Wednesday, February 04, 2009

AND I THOUGHT WE ELECTED A PRESIDENT NOT A DICTATOR!

IN THE FIRST OF WHAT I BELIEVE WILL BE MANY EXECUTIVE ORDERS GIVEN BY THE 'MESSIA' IN THE OVAL OFFICE. The President is about to direct that those executives that received federal bail out money can only make $500,000 as salary.

Never before has a president interfered in the daily activities of our banks and financial institutions. Closing the banks is a Constitutional authority delegated to the government in times of crisis as did FDR in the 30's.
But dictating the salary of executives in the private sector are not within the control of the president, unless he thinks he is Our dictator!

The job of limiting the pay of executives of private corporations is the duty and responsibility of the Board of Directors and stock holders, not the POTUS!

The president is the leader of the free World, but not the leader of the Free Enterprise system that operates the machine that allows people like Obama to be in the "princely" places like the White House.

The "Obamaphiles" are not satisfied with just limiting the pay of CEOs. They also proposed the following:
The administration will also propose long-term compensation restrictions even for companies that don't receive government assistance.

* Requiring top executives at financial institutions to hold stock for several years before they can cash out.

* Requiring nonbinding "say on pay" resolutions - that is, giving shareholders more say on executive compensation.

- A Treasury-sponsored conference on a long-term overhaul of executive compensation.

Top officials at companies that have received money from the government's Troubled Asset Relief Program already face some compensation limits. But elected officials want to place more caps.

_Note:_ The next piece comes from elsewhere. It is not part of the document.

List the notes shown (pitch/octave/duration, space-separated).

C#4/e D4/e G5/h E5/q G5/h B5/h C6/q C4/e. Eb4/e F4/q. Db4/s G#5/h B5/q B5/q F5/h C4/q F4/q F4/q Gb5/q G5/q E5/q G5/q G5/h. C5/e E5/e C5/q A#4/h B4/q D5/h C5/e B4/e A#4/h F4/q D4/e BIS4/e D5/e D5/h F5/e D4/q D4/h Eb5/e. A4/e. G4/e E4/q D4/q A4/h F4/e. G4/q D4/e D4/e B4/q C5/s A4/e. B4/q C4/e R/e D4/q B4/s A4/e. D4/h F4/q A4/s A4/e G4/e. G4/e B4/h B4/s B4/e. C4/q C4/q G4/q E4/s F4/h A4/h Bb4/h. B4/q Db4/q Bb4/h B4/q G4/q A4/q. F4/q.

"I do know this: We can't just say, 'Please, please,'" said Sen. Claire McCaskill, D-Mo., who has proposed that no employee of an institution that receives money under the $700 billion federal bailout can receive more than $400,000 in total compensation until it pays the money back.
The figure is equivalent to the salary of the president of the United States.

Predictably, the leak of this threatening news has brought an immediate negative reaction from the private sector.
"Compensation experts in the private sector have warned that such an intrusion into the internal decisions of financial institutions could discourage participation in the rescue program and slow down the financial sector's recovery. They also argue that it could set a precedent for government regulation that undermines performance-based pay". Source: MYWAY.com

Even some Republicans see no harm in setting the principals that if government gives you money they can attach rules of operation.
"In ordinary situations where the taxpayers' money is not involved, we shouldn't set executive pay," said Sen. Richard Shelby of Alabama, the top Republican on the Senate Banking Committee.
"But where you've got federal money involved, taxpayers' money involved, TARP money involved, and the way they have spent it, with no accountability, is getting close to being criminal."

This principal has been in operation under the cover of affirmative action for years. The rules of employment for companies that employ more than fifty employees have had quotas for all levels of management based upon numbers set by the federal government to ensure that se percentages of minorities and women occupy supervisor positions.
And Medicare has had rules for doctors and hospitals dictated to them for accepting Federal funds, but the "Change That has Come to America" appears to me to be reaching into the heart of the free enterprise system when the President dictates what the maximum can be for CEO's of our banks. What will be next?

Our Constitution details the powers of the President, and essentially they are a follows: The President is the chief executive of the United States, putting him at the head of the executive branch of the government, whose responsibility is to "take care that the laws be faithfully executed." To carry out this duty, he is given control of the four million employees of the federal executive branch, including one million active duty personnel in the military. Both the legislative and judicial branches maintain checks and balances on the powers of the President and vice versa.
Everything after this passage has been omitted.